*Available records*:
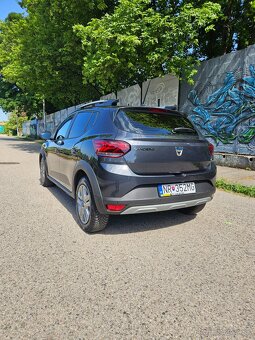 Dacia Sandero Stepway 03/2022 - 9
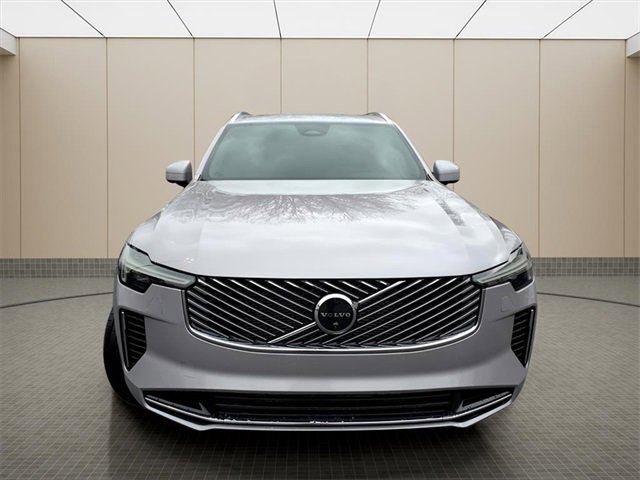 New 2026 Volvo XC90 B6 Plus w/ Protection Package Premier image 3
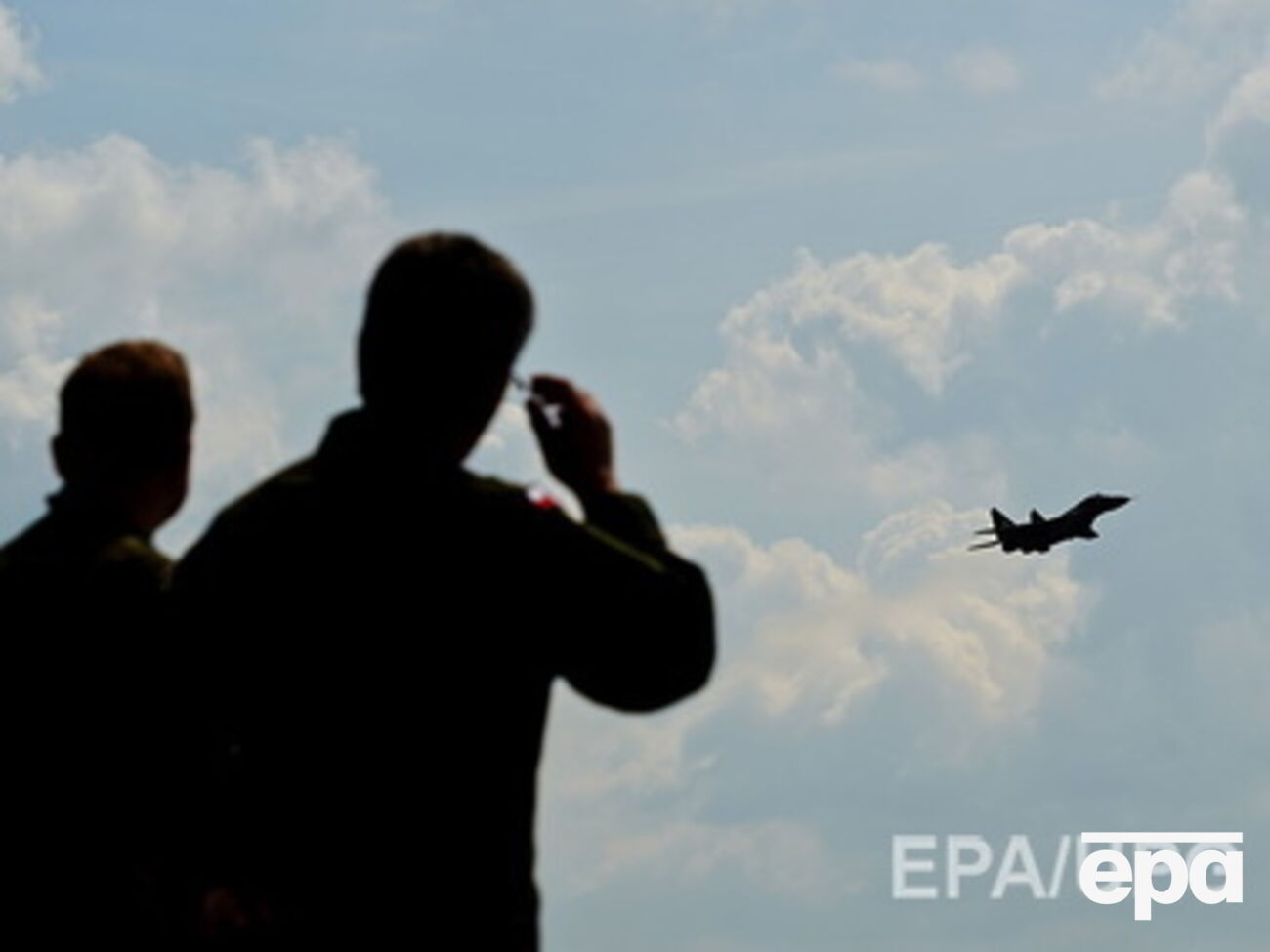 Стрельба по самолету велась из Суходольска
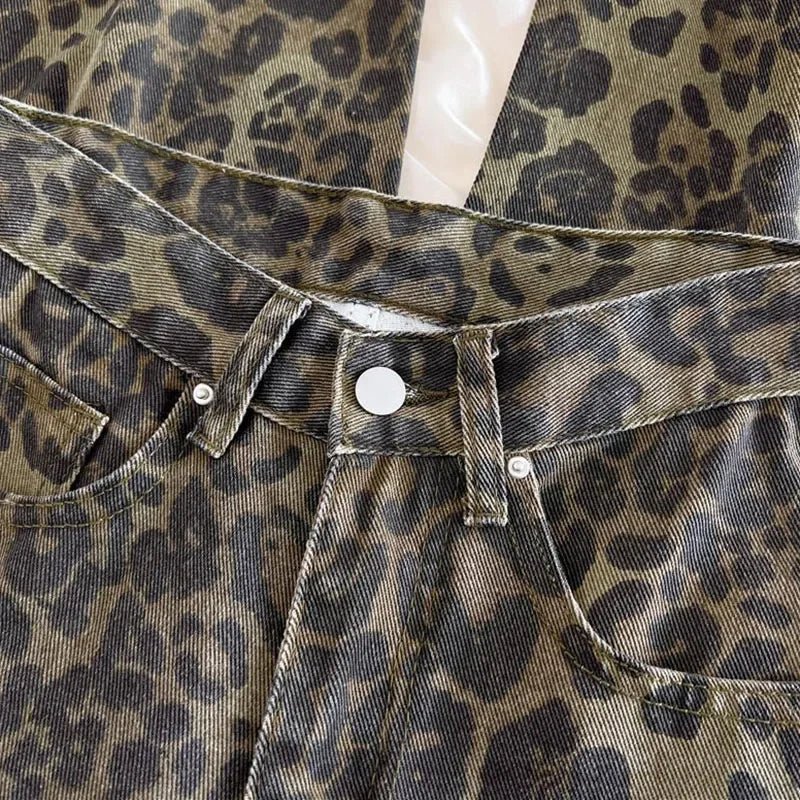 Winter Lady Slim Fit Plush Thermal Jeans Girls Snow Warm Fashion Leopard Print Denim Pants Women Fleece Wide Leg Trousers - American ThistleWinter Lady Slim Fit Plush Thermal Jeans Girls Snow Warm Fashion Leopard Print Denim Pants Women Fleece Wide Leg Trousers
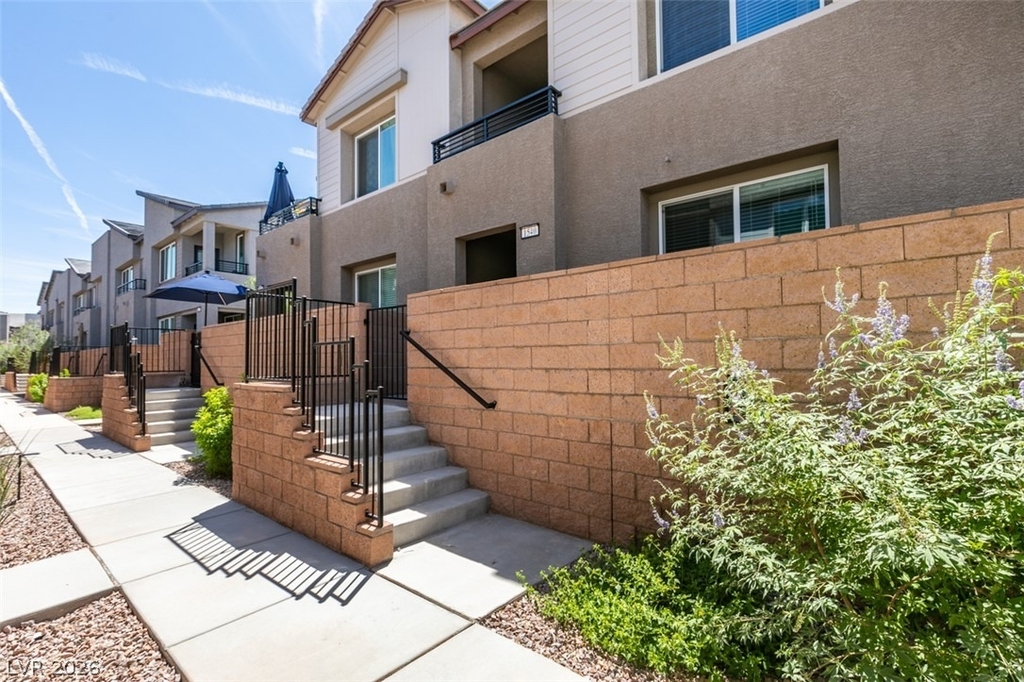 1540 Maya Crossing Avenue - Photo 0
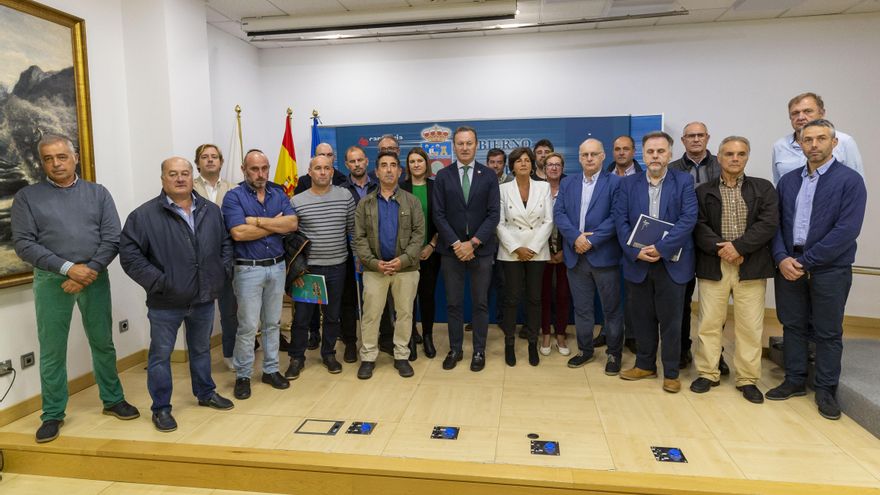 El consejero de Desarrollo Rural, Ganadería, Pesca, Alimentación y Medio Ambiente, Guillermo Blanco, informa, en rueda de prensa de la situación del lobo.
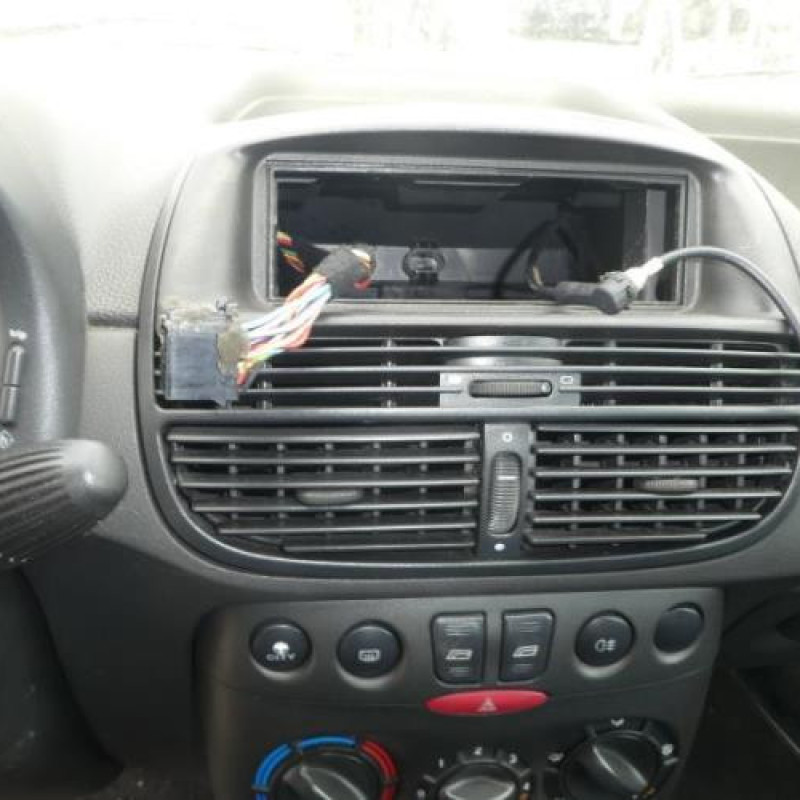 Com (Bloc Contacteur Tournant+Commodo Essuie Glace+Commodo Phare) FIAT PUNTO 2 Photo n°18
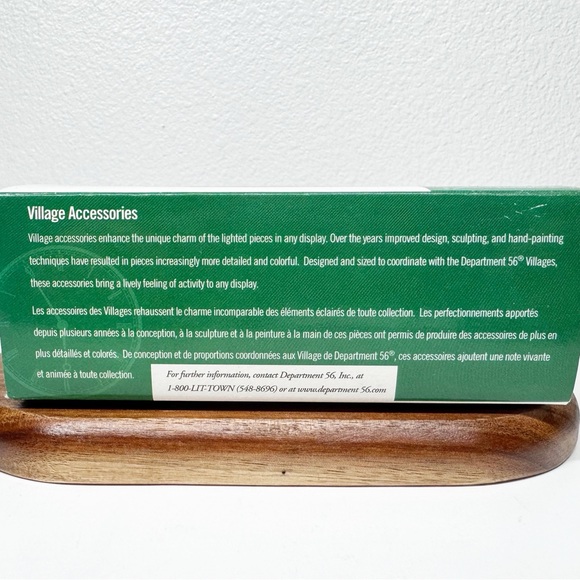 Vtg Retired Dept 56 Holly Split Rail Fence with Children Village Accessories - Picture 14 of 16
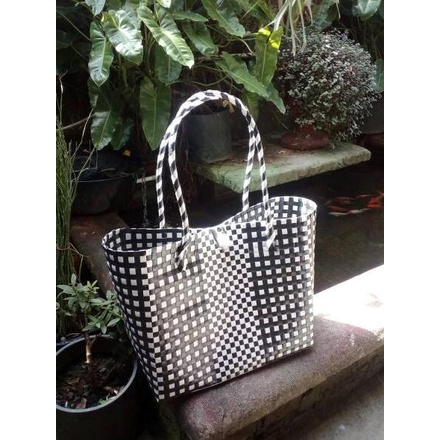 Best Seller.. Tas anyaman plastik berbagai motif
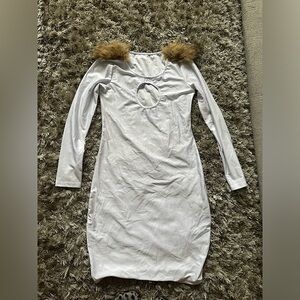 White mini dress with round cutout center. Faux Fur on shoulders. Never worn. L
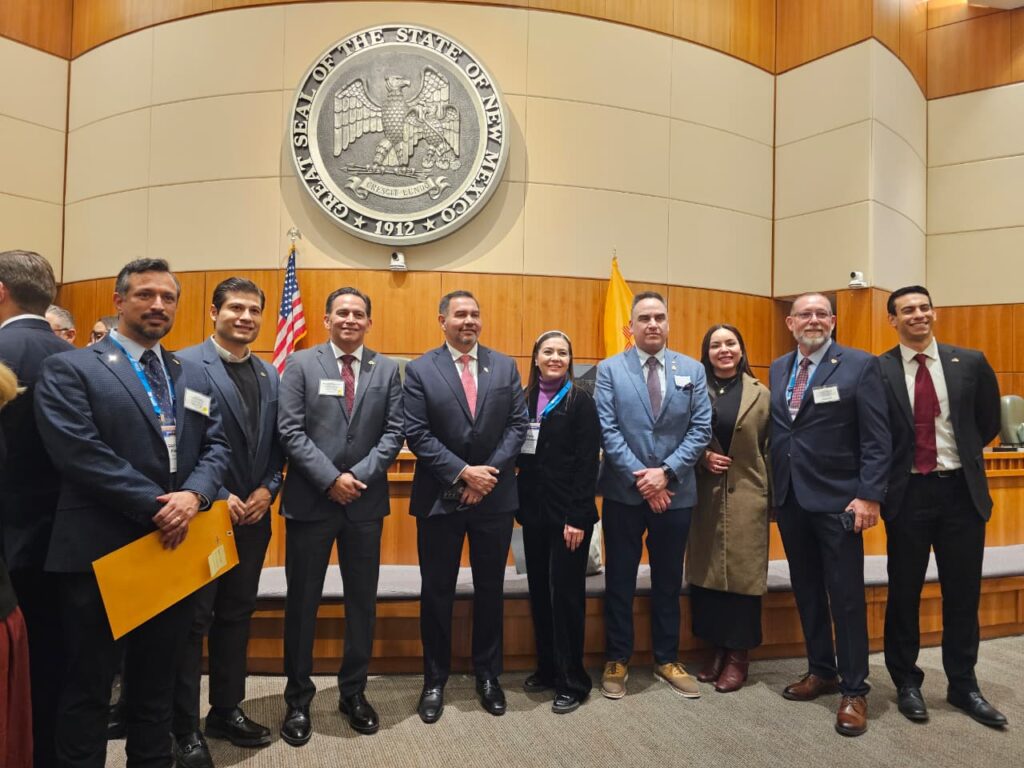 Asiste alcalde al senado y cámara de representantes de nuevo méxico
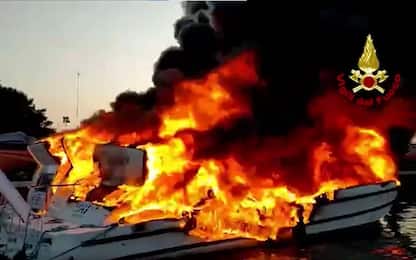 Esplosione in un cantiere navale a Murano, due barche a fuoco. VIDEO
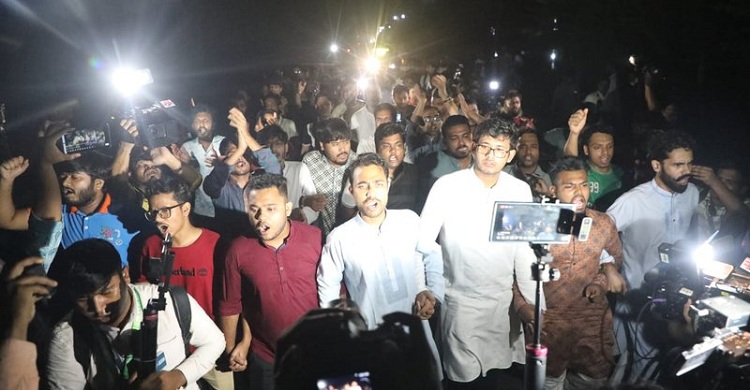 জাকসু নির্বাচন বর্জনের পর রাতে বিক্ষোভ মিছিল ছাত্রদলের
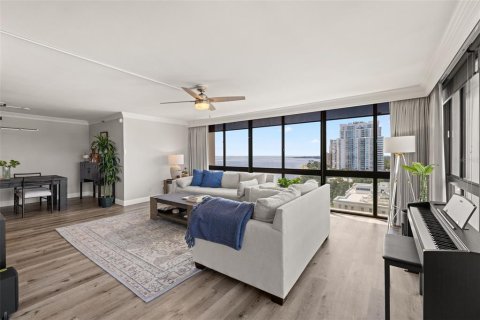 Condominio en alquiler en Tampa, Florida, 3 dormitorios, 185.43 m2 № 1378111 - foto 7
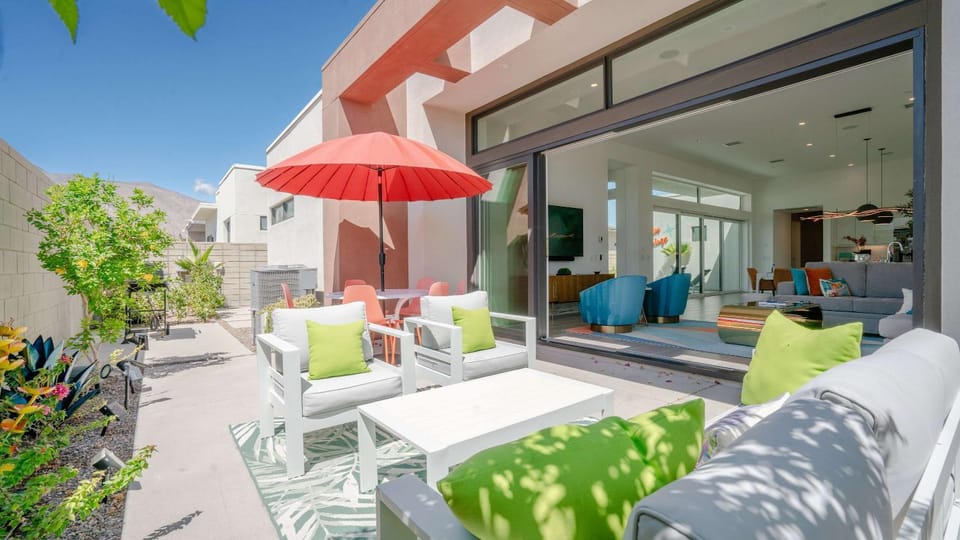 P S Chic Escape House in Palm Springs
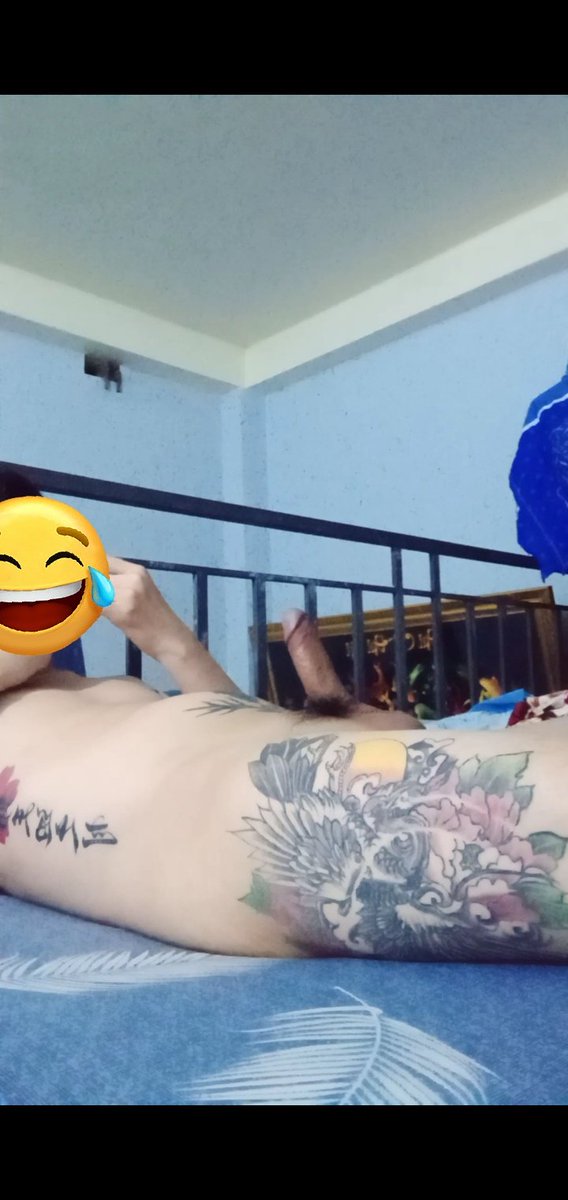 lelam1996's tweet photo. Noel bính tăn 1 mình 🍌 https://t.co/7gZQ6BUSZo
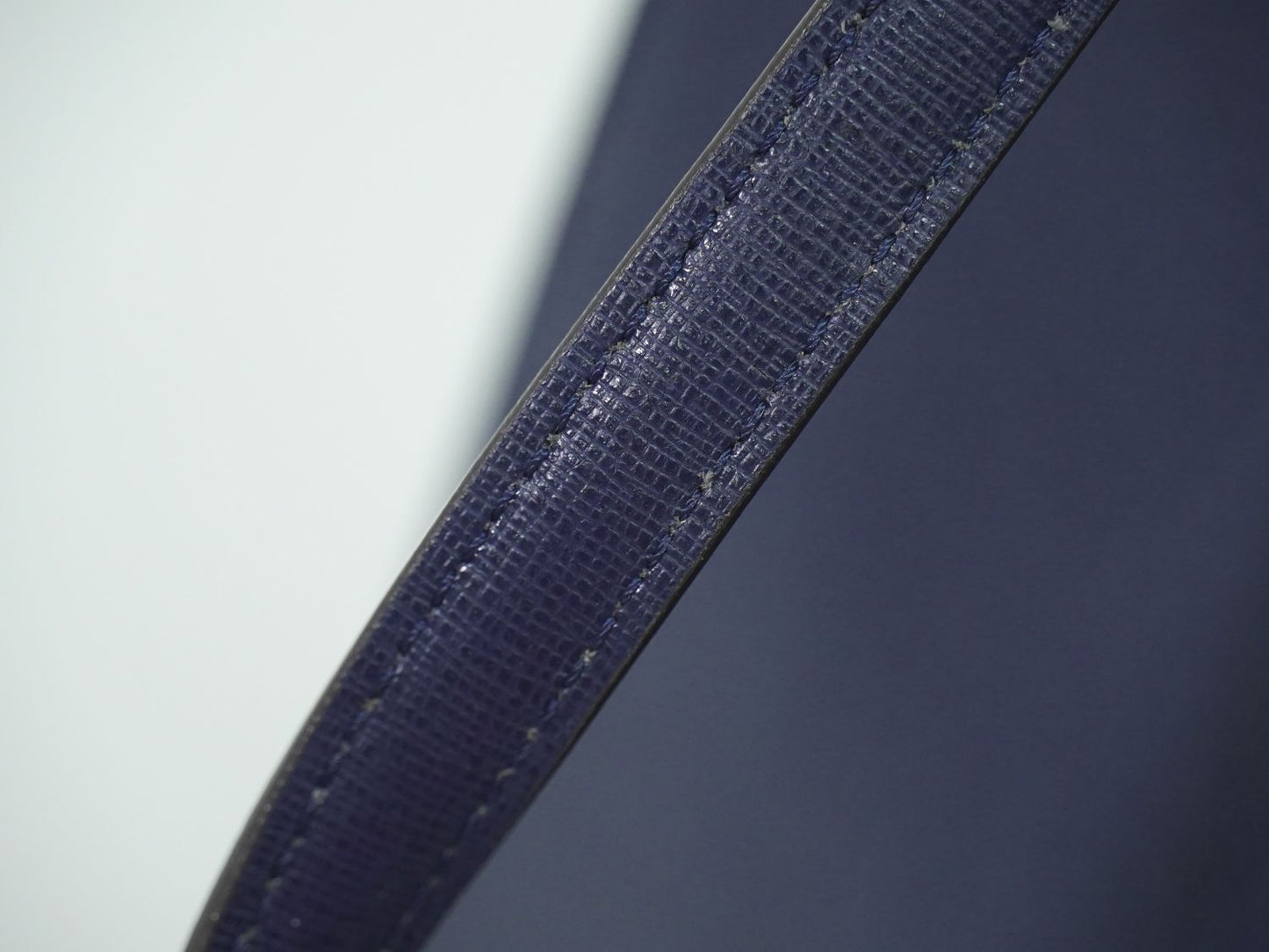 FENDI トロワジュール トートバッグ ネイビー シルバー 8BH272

*Exercise brief*: The lines to be quoted run from the line containing "Trousers - American" through the end of the entries above, both included; quote them exactly and leave out any pictures.

*Answer to this task*:
 Winter Lady Slim Fit Plush Thermal Jeans Girls Snow Warm Fashion Leopard Print Denim Pants Women Fleece Wide Leg Trousers - American ThistleWinter Lady Slim Fit Plush Thermal Jeans Girls Snow Warm Fashion Leopard Print Denim Pants Women Fleece Wide Leg Trousers
 1540 Maya Crossing Avenue - Photo 0
 El consejero de Desarrollo Rural, Ganadería, Pesca, Alimentación y Medio Ambiente, Guillermo Blanco, informa, en rueda de prensa de la situación del lobo.
 Com (Bloc Contacteur Tournant+Commodo Essuie Glace+Commodo Phare) FIAT PUNTO 2 Photo n°18
 Vtg Retired Dept 56 Holly Split Rail Fence with Children Village Accessories - Picture 14 of 16
 Best Seller.. Tas anyaman plastik berbagai motif
 White mini dress with round cutout center. Faux Fur on shoulders. Never worn. L
 Asiste alcalde al senado y cámara de representantes de nuevo méxico
 Esplosione in un cantiere navale a Murano, due barche a fuoco. VIDEO
 জাকসু নির্বাচন বর্জনের পর রাতে বিক্ষোভ মিছিল ছাত্রদলের
 Condominio en alquiler en Tampa, Florida, 3 dormitorios, 185.43 m2 № 1378111 - foto 7
 P S Chic Escape House in Palm Springs
 lelam1996's tweet photo. Noel bính tăn 1 mình 🍌 https://t.co/7gZQ6BUSZo
 FENDI トロワジュール トートバッグ ネイビー シルバー 8BH272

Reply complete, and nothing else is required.